Life, Lemons & A Crisis of Belief
Updated: Oct 25, 2019
Let's get real for a second. By the time you read this, it'll obviously be posted, but I just really need you to know that I'm winging this post right now-- if that even matters to anyone besides me-- there wasn't an outline to it, and I just let the words paint their own little picture. I haven't posted since the Miss Mississippi USA pageant (spoiler alert: I didn't get the shiny hat). But to cut a long story short, I got something a little different than a crown and a banner, and this post will close that chapter up for everyone, including me.
Okay, so without getting too mystic, I'll tell you that it was a very clear message that God didn't have an actual USA state crown in my plans, but the journey of pageantry has been something that made my path and journey and "destiny" very clear. I have still been called to approach the throne with confidence, but this time I am called to do it without a crown. (and that is totally fine with me because that was going to be a year of a lot of lashes, high heels and color incorporated to my daily wardrobe).
My Granny gave me a series of cards, the last of these I opened right before I went on stage for final night, though, and it incorporated that age-old saying about being positive when life gives you lemons in case the crown didn't end up on my head (which it didn't). I didn't end up with the title, but something that I did end up with is an incredible passion for people and confidence in my own skin. I'm a communication major with a blog, so I feel like loving people is an integral part of my personality. A dream of mine, since I love meeting and talking to people so much, is that they would love to meet and talk to me, too! That was the motive for chasing the crown: to be able to reach new people, different people and similar people to myself, and make a difference in their lives. Crazy, I know. After all, who actually wants to be accepted in this great big world?

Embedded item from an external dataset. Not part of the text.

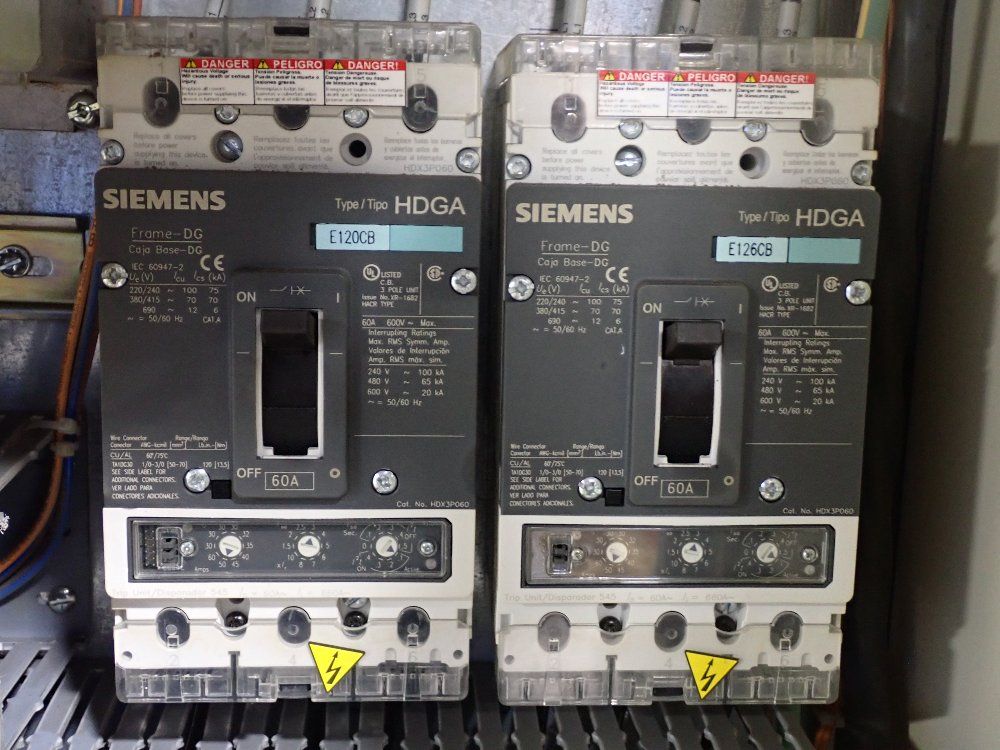 Rittal / Allen Bradley 37 Amps Vfd Panel - Ecs-4446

Me. That's who, if we're being honest. And there, my friends, lies my crisis of belief. What do I do when I feel like I'm supposed to love and encourage and lead people when a panel of judges don't deem me worthy to do that for the state of Mississippi? I'll tell you! I believe a Much Higher Power who deems me worthy. Finding worth there, and creating that leadership and opportunity on my own (with The Good Lord's Blessing), has been much more rewarding. Maybe I couldn't have been a good Miss Mississippi USA, but I know I make a stellar me. (oh my goodness, I would delete that cheesy line right now if i didn't mean it so strongly).
So here we go. I revamped and added to the blog, and I'm excited to share more of myself with everyone who does care to follow and chat with me. Browse the blog, and look at some things going on in my life. It's no less hectic than before, but I do have slightly happier feet...
..and I'll just sip my lemonade with that one.